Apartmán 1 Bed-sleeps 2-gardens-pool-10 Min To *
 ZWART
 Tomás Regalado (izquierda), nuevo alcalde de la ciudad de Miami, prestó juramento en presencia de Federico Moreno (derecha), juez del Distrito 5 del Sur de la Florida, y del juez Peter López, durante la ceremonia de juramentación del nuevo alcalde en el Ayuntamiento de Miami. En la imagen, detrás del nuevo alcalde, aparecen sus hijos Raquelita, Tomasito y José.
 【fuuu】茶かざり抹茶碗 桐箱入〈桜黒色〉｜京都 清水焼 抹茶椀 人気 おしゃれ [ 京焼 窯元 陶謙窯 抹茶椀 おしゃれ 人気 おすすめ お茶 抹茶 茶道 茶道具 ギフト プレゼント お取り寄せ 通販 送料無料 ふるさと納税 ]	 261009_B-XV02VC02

- _WORK TO COMPLETE_: The answer is to be the lines from the one holding "Tomás Regalado (izquierda), nuevo" through the end of the data above, transcribed character for character, both ends included.

- _WRITTEN RESPONSE_:
 Tomás Regalado (izquierda), nuevo alcalde de la ciudad de Miami, prestó juramento en presencia de Federico Moreno (derecha), juez del Distrito 5 del Sur de la Florida, y del juez Peter López, durante la ceremonia de juramentación del nuevo alcalde en el Ayuntamiento de Miami. En la imagen, detrás del nuevo alcalde, aparecen sus hijos Raquelita, Tomasito y José.
 【fuuu】茶かざり抹茶碗 桐箱入〈桜黒色〉｜京都 清水焼 抹茶椀 人気 おしゃれ [ 京焼 窯元 陶謙窯 抹茶椀 おしゃれ 人気 おすすめ お茶 抹茶 茶道 茶道具 ギフト プレゼント お取り寄せ 通販 送料無料 ふるさと納税 ]	 261009_B-XV02VC02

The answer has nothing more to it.